# Compound assignment operators

The compound assignment operators consist of a binary operator and the simple assignment operator. They perform the operation of the binary operator on both operands and store the result of that operation into the left operand, which must be a modifiable lvalue.

The following table shows the operand types of compound assignment expressions:

Operator Left operand Right operand
+= or -= Arithmetic Arithmetic
+= or -= Pointer Integral type
*=, /=, and %= Arithmetic Arithmetic
<<=, >>=, &=, ^=, and |= Integral type Integral type
Note that the expression
``a *= b + c``
is equivalent to
``a = a * (b + c)``
and not
``a = a * b + c``

The following table lists the compound assignment operators and shows an expression using each operator:

Operator Example Equivalent expression
+= `index += 2` ```index = index + 2```
-= ```*(pointer++) -= 1``` ```*pointer = *(pointer++) - 1```
*= `bonus *= increase` ```bonus = bonus * increase```
/= `time /= hours` `time = time / hours`
%= `allowance %= 1000` ```allowance = allowance % 1000```
<<= ```result <<= num``` ```result = result << num```
>>= `form >>= 1` ```form = form >> 1```
&= `mask &= 2` ```mask = mask & 2```
^= `test ^= pre_test` `test = test ^ pre_test`
|= `flag |= ON` `flag = flag | ON`

Although the equivalent expression column shows the left operands (from the example column) twice, it is in effect evaluated only once.
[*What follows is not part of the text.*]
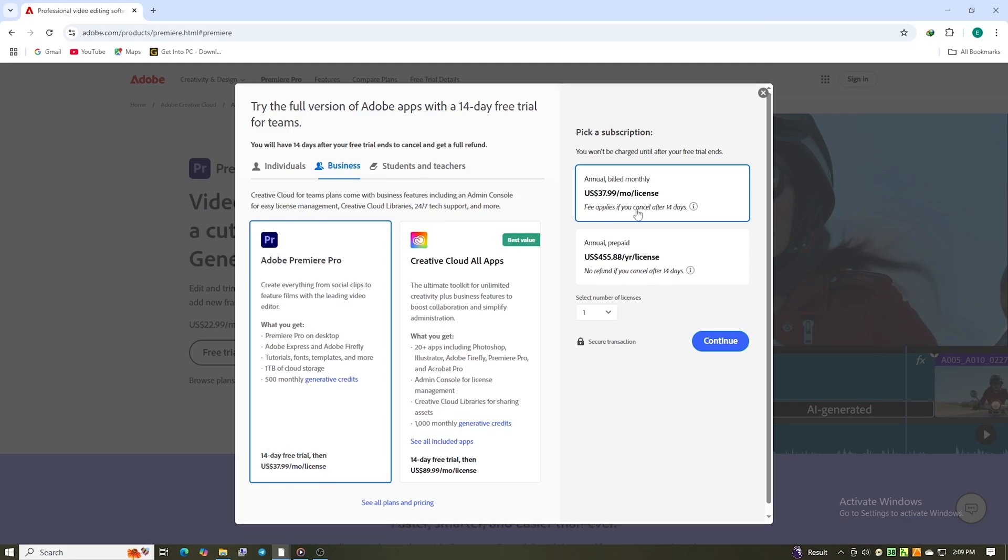Now, here's where you get to choose what fits you best. If you want to keep things flexible, choose the monthly payment option. You can cancel any time, so there's zero pressure, just pay month to month if you decide to stick with it after the trial.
In addition to the table of operand types, an expression is implicitly converted to the cv-unqualified type of the left operand if it is not of class type. However, if the left operand is of class type, the class becomes complete, and assignment to objects of the class behaves as a copy assignment operation. Compound expressions and conditional expressions are lvalues in C++, which allows them to be a left operand in a compound assignment expression.